For several years I have worked primarily with performance optimizations in the context of video games (and previously in the context of surgical simulation). This differs subtly from optimization in certain other areas, so I figured I'd add my own perspective to this already excellent comment section.
1. First and foremost: measure early, measure often. It's been said so often and it still needs repeating. In fact, the more you know about performance the easier it can be to fall into the trap of not measuring enough. Measuring will show exactly where you need to focus your efforts. It will also tell you without question whether your work has actually lead to an improvement, and to what degree.
2. The easiest way to make things go faster is to do less work. Use a more efficient algorithm, refactor code to eliminate unnecessary operations, move repeated work outside of loops. There are many flavours, but very often the biggest performance boosts are gained by simply solving the same problem through fewer instructions.
3. Understand the performance characteristics of your system. Is your application CPU bound, GPU compute bound, memory bound? If you don't know this you could make the code ten times as fast without gaining a single ms because the system is still stuck waiting for a memory transfer. On the flip side, if you know your system is busy waiting for memory, perhaps you can move computations to this spot to leverage this free work? This is particularly important in shader optimizations (latency hiding).
4. Solve a different problem! You can very often optimize your program by redefining your problem. Perhaps you are using the optimal algorithm for the problem as defined. But what does the end user really need? Often there are very similar but much easier problems which are equivalent for all practical purposes. Sometimes because the complexity lies in special cases which can be avoided or because there's a cheap approximation which gives sufficient accuracy. This happens especially often in graphics programming where the end goal is often to give an impression that you've calculated something.
Note "faster" is not the only thing to optimize for, and it (wall clock time) is actually a bit unusual as it doesn't represent an exhaustible resource.
That is, if you have a rarely used slow part of the system, that might make it seem unimportant, but not if running it uses all the disk space or drains your phone battery.
Even if that doesn't happen, there are things you can optimize in the unimportant parts - you can optimize them getting out of the way of the rest of the system, like by having smaller code size and not stomping all over caches.
That is very true! I simply think of it first because it is often the biggest problem at my work. One of the extreme exceptions was optimising Wavetale for the Nintendo Switch, where we had to decrease memory usage from over 20GiB to below 3GiB.
Not in the context of game development, however! There you typically don't care about wall time. Instead, you work towards a set frame rate meaning you have a set slice of time (usually 16.7 or 33.3 ms) to go through the entire game and render loop each time.
I was about to bring a similar example: Some of our really old daily data processing at work might need some attention and optimization in the future, because we're running out of hours in the day.

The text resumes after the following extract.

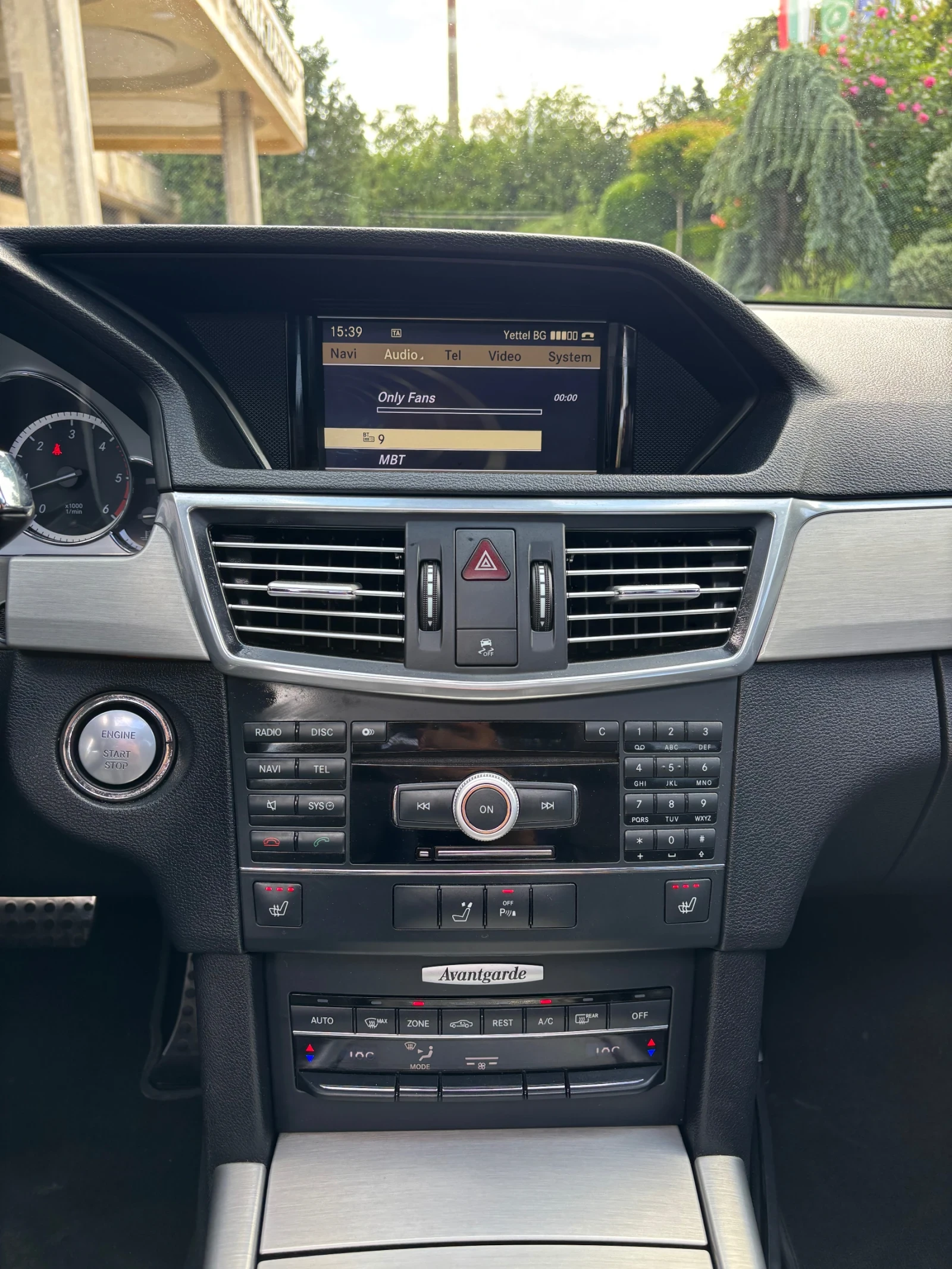 Mercedes-Benz E 350 3.5 AMG LINE, снимка 12 - Автомобили и джипове - 54655254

And we haven't found a place we can buy more hours in the day from yet.
If you can run the daily batch processing in parallel, can't you have one batch start at T+0, the next one starts at T+24h, then the first one finishes at T+28h and so on?
That leads to an infinite backlog no ? If you need more than 24h to process 24h of data ?
That may depend on the context and data but you may end the first job at T+28 (runtime of 28 hours) and the second at T+52 (28 hours as well, started at T+24).
If jobs must be executed one after another, then you absolutely create an infinite backlog.
Sadly, the resource constraints/setup prevent us from parallelizing this. And the customers of that system expect the data to be processed and available after 24 hours.
In part, it's a somewhat rewarding topic. Thinking about queries, joining a bit differently, adding another index based on new data patterns can cut hours of runtime without incurring further resource cost.
But on the other hand, it's yet another project someone dumped on the floor and we were forced to adopt it "because of the customer". And the second or third project of PD trying to "do it right" is teetering on failure once again. Cron running shell scripts held together with chicken wire and duct tape is too strong of a stack I guess.
In realtime audio programming, for example, the time budget can be as low as 1.3 ms (64 samples @ 48kHz). And every single missed deadline will manifest as an ugly pop which you will try to avoid at all cost.
This is so true and so often ignored: there can be optimization for space (RAM and or ROM), energy, security, robustness, etc. often they oppose or compete somehow with speed.
I definitely agree with this one, especially on the level of "don't make network calls in your hot loop".
But it should be noted that less efficient algorithms that access memory in a more efficient way (that is to say, get a higher percentage of cache hits when iterating the data) can beat more efficient algorithms that get more cache misses.
That's all to say, iterating over an array is very vast, and iterating through a map is not. Is the map faster if you only need to access a couple things? Well, depends on the dataset size, as well as the constant factor in your map access, and how much of an improvement your other algorithm is.
You should definitely measure that once you've made the change though.
Great thing for appealing to what performs better, and then code in that manner.
Simplicity is often the best because necessary complexity will arrive on its own.
This is a great rule of thumb. I've seen junior engineers (and even senior in some cases) try to parallelize existing solutions before first optimizing the single threaded case.
Agree with all this, and would add that concrete measurements not only tell you whether your work has actually lead to an improvement, but also your manager and promo committee ;)